Short text fragments from websites

-.-.-

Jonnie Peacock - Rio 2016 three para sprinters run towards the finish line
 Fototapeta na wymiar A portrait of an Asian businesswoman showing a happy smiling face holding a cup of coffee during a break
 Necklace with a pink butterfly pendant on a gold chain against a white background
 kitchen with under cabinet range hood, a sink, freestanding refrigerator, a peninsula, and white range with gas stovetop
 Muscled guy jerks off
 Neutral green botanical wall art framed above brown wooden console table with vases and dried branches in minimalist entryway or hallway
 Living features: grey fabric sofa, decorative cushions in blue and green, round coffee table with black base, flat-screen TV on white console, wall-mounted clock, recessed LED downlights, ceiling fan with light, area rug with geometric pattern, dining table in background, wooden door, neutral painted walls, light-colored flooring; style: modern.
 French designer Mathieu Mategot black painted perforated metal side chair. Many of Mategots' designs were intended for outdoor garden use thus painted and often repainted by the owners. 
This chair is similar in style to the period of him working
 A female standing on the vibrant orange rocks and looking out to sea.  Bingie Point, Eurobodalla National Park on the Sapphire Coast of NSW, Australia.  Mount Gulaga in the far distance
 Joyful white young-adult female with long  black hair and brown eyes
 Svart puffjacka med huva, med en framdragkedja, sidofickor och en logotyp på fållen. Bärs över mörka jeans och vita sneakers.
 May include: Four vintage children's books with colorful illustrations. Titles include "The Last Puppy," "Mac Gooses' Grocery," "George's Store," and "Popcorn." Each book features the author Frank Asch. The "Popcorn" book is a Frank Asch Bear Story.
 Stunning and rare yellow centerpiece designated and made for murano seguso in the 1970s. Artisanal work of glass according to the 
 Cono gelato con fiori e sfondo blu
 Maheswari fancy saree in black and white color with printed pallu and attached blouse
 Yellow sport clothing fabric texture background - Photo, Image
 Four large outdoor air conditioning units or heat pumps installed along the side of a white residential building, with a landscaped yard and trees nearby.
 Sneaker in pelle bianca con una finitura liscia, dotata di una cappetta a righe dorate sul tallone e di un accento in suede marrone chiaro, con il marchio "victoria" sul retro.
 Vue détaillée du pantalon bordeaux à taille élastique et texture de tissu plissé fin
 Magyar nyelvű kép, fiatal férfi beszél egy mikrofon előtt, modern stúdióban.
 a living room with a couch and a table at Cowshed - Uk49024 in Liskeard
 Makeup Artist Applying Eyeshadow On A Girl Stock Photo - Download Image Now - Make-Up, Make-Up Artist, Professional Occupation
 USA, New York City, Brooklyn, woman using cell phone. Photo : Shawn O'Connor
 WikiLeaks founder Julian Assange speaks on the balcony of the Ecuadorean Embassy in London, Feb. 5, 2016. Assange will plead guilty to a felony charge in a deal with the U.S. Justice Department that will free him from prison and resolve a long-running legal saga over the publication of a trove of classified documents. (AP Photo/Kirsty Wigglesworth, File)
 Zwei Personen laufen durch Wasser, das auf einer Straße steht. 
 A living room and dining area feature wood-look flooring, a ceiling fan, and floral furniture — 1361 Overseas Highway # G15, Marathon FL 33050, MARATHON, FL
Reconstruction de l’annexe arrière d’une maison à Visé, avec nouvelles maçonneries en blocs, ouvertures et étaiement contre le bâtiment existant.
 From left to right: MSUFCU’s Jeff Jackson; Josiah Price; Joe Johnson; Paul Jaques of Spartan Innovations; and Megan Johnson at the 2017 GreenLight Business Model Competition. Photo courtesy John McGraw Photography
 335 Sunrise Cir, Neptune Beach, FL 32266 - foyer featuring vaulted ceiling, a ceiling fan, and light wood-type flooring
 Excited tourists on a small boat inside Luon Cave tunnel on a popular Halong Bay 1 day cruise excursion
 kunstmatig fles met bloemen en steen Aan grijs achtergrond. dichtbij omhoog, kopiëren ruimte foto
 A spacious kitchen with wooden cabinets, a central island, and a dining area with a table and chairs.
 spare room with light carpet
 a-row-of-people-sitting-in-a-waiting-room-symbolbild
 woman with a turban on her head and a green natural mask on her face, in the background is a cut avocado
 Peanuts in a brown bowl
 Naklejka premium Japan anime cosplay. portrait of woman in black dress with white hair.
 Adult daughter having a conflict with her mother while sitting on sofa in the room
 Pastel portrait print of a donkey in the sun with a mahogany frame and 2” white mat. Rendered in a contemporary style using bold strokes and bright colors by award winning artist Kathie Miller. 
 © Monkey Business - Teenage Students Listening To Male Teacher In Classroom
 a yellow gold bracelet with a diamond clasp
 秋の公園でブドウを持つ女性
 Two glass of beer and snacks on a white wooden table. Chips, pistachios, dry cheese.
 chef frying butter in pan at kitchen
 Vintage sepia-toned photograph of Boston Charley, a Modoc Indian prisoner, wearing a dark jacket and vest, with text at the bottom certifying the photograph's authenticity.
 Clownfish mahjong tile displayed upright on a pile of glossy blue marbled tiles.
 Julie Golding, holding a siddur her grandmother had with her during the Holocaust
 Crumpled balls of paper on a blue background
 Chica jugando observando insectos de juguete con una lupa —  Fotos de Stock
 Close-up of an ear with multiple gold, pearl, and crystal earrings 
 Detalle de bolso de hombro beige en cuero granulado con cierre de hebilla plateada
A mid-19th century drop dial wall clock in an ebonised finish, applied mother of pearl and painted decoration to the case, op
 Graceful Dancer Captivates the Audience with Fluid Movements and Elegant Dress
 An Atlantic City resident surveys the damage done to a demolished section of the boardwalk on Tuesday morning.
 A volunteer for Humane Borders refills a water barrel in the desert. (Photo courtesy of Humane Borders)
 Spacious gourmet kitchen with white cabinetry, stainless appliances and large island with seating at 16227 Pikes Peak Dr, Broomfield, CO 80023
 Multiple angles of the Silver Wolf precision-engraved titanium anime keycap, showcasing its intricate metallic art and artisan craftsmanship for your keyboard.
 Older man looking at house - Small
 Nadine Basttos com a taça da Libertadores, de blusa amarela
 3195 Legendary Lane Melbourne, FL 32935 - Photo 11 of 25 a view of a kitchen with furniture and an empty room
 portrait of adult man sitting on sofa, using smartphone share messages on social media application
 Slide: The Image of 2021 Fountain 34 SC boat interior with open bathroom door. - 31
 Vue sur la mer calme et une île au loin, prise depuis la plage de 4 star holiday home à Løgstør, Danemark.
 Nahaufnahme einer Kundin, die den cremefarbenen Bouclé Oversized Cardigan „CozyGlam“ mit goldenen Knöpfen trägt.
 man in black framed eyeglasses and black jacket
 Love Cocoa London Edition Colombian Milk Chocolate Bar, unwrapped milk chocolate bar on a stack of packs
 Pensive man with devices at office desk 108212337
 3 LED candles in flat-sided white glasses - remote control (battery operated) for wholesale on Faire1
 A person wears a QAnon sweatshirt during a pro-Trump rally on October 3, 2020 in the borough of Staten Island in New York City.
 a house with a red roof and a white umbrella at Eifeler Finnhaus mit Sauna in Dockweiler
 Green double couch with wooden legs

-.-.-

TASK ITEM: For this task, write out exactly the lines of the entries above, starting at the line with "Living features: grey" and ending at the line with "Joyful white young-adult", both included, and no others.

THE ANSWER:
 Living features: grey fabric sofa, decorative cushions in blue and green, round coffee table with black base, flat-screen TV on white console, wall-mounted clock, recessed LED downlights, ceiling fan with light, area rug with geometric pattern, dining table in background, wooden door, neutral painted walls, light-colored flooring; style: modern.
 French designer Mathieu Mategot black painted perforated metal side chair. Many of Mategots' designs were intended for outdoor garden use thus painted and often repainted by the owners. 
This chair is similar in style to the period of him working
 A female standing on the vibrant orange rocks and looking out to sea.  Bingie Point, Eurobodalla National Park on the Sapphire Coast of NSW, Australia.  Mount Gulaga in the far distance
 Joyful white young-adult female with long  black hair and brown eyes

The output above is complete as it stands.